El primer ejemplar de mi último libro, «Contra los políticos» –andará en librería mediado enero–, me llegó con la noticia de su muerte. En «Contra los políticos» quise hacer un elusivo homenaje a la escritura de Gracq, que sólo se explicita en una púdica nota. Pocas reflexiones me han marcado tanto como las de sus «Lettrines». Meditación cruel sobre la inconsciencia infantil, la irresponsabilidad abrumadora del intelectual moderno: aprendiz de brujo, cuyos vidrios rotos acaban por pagar siempre los que ninguna culpa tienen de su incompetencia.

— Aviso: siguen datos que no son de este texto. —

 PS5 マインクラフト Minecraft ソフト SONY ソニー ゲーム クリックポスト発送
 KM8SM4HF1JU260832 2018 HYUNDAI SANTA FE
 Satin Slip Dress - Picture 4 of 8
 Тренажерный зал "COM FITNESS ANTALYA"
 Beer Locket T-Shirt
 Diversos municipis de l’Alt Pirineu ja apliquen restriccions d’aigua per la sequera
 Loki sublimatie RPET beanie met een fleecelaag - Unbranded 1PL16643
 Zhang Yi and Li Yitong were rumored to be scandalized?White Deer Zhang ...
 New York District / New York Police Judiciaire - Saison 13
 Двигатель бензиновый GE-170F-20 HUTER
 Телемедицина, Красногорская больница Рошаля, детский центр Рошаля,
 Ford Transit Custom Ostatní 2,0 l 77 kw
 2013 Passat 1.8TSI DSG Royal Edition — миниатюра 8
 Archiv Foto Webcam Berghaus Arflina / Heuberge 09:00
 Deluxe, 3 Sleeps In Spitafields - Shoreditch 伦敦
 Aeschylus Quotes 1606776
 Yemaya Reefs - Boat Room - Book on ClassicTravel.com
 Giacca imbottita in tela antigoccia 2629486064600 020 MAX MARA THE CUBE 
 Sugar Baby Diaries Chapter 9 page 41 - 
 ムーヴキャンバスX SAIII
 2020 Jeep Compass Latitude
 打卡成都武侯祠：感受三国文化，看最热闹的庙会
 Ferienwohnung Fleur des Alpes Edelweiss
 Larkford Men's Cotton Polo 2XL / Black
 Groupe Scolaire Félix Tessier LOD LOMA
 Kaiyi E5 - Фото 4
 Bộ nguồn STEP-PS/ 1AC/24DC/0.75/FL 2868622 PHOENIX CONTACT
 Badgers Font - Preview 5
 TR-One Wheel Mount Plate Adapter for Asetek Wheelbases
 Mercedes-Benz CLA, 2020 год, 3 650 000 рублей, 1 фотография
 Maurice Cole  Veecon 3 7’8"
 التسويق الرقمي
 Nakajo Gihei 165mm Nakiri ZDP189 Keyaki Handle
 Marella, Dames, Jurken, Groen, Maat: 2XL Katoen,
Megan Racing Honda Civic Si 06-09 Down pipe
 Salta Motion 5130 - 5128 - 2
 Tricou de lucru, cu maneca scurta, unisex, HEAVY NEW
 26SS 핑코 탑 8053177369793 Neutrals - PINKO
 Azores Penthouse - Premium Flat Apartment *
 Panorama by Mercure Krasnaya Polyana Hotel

Hay un pasaje de «Lettrines» que debería figurar a la puerta del infierno dantesco de los escritores. Es una nota sobre «El insurrecto», novela en la que Jules Vallès, bajo la máscara de su héroe Vingtras, narra el caos suicida al cual los «intelectuales» que acaudillan la Comuna de París han condenado a sus hombres:
«Bohemios de pluma, periodistas a destajo, semilicenciados en busca de un maestro, buena parte del mundo de las Escenas de la vida de bohemia avinagrada, que gobierna con incapacidad la Comuna entre pipas, jarras de cerveza, ovaciones, humareda y cotorreo de redacción de periodiquillo… Uno siente horror hacia esos revolucionarios de canción de borrachos a cuyo paso escupían, durante los últimos días de la semana sangrienta, los combatientes de las barricadas de Belleville. No vale la excusa de combatir del lado bueno cuando se combate con tanta ligereza. Una especie de náusea atroz nos asfixia al seguir de cerca el desbarajuste ubuesco y patético de las últimas páginas, cuando el desdichado delegado de la Comuna, especie de irresponsable de barrio, de Charlot bombero revoloteando entre estallidos de obús, vaga como un perro perdido de una barricada a otra, inepto para cualquier cosa, e implorando a la muchedumbre, furiosamente convulsa ante el matadero en que la ha metido –penosa, lamentablemente–: ¡Dejadme solo, os lo suplico! ¡Necesito soledad para pensar todo esto! En su exilio de valeroso irresponsable, cuántas noches no se habrá visto, luego, despertado por aquellas voces, se mire como se mire serias, de las gentes que van a hacerse agujerear la piel dentro de unos minutos, y que le gritan con tanta furia desde la barricada: «¿Pero dónde están las órdenes? ¿Pero cuál es el plan?».
Nadie que haya escrito en el siglo XX escapa a ese feroz remordimiento.